This was a newsy little tidbit affecting thousands of small public companies, but it was mostly relegated to the back pages of newspapers, if it was covered at all.

The Securities and Exchange Commission announced recently that small public companies will no longer get a reprieve from complying with the Sarbanes-Oxley Act of 2002.

Next year, they will have to hire auditors to attest to the adequacy of their companies’ internal control systems, and that means heavy additional expense. Internal control basically refers to the way a company tracks inventory, accounts payable and cash.

If there are cracks in the internal control system, the data used to compile the financial statements could be flawed. Before Sarbanes-Oxley, only the company’s financial statements had to be audited, but under Section 404 of the law, a second report is required on the adequacy of internal controls.

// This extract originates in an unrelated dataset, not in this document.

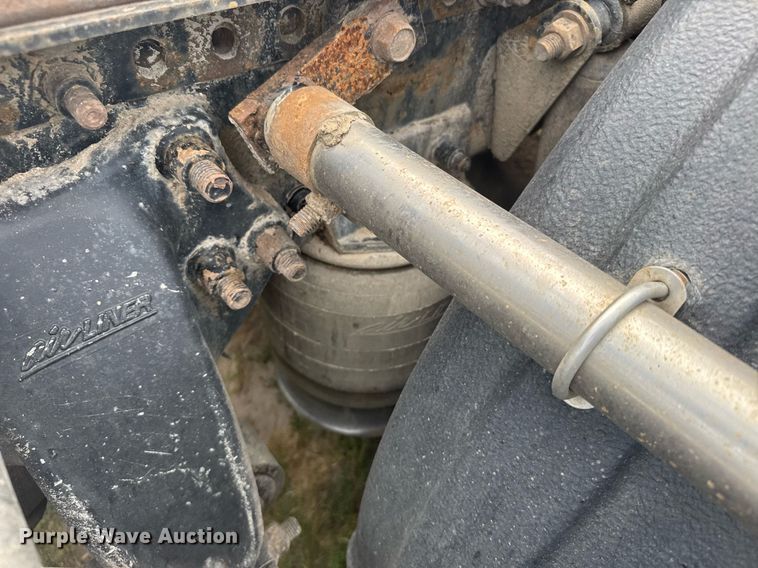 image for item ER2135 2004 Freightliner Columbia semi truck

Until now, companies with market capitalization below $75 million did not have to comply with Section 404. In fact, the SEC delayed their compliance four times over the years.

Business groups have intensely argued that they would have to pay disproportionately high costs for these audits because of the fixed-cost nature of compliance. As it turns out, they are right.

Reliable data on the cost of Section 404 compliance for small companies has been slow in coming, but a Pennsylvania State University finance professor said his research shows that small firms are in fact taking a big hit.

Big hit for small firms

Professor Peter Iliev said he nailed down the cost of Section 404 compliance by examining companies with market caps just above $75 million and those just below it. Those below that cap have not had to comply until now.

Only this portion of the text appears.